How Is the Pension Under FERS Calculated?

The pension for USPS employees under FERS is calculated based on years of service and the average of the highest three years of salary, known as “high-3.” Generally, the formula used is 1% of the high-3 average salary multiplied by years of service. For those who retire at age 62 or older with at least 20 years of service, the multiplier increases to 1.1%.

When Can I Retire from the USPS?

The eligibility for retirement depends on your age and years of service. Immediate retirement benefits under FERS can be received if you are at least 62 years old with five years of service, 60 years old with 20 years of service, or at your minimum retirement age (MRA) with 30 years of service. The MRA varies between 55 and 57, depending on your birth year.

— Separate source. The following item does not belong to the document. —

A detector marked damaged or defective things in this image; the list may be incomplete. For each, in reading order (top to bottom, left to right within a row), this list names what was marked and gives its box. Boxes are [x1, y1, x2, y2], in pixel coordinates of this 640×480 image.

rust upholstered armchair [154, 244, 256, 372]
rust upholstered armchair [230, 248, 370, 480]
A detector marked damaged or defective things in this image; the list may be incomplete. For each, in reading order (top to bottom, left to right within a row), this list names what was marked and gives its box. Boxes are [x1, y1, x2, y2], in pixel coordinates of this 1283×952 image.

What Are the Benefits of Retiring Later?

Retiring later can significantly increase your pension and savings. By delaying retirement beyond your MRA, you can avoid early retirement reductions. Additionally, working longer allows you to contribute more to your TSP, potentially increasing your savings and benefiting from additional years of government matching.

Can I Withdraw from My TSP Before Retiring?

Yes, you can make withdrawals from your TSP after you turn 59½ years old, regardless of whether you’re still employed or not. However, withdrawing before age 59½ typically incurs a penalty, unless you meet specific conditions such as financial hardship.

What Happens to My Health Benefits When I Retire?

USPS employees can continue their Federal Employees Health Benefits (FEHB) into retirement, provided they have been enrolled in the program for the five years immediately before retiring or since their first opportunity to enroll. Retirees pay the same premiums as current employees.

How Do I Begin the Retirement Process?

To begin the retirement process, start by contacting the USPS Human Resources Shared Services Center. It’s recommended to start planning and initiating the process at least six months before your intended retirement date to ensure all paperwork and benefits are appropriately handled.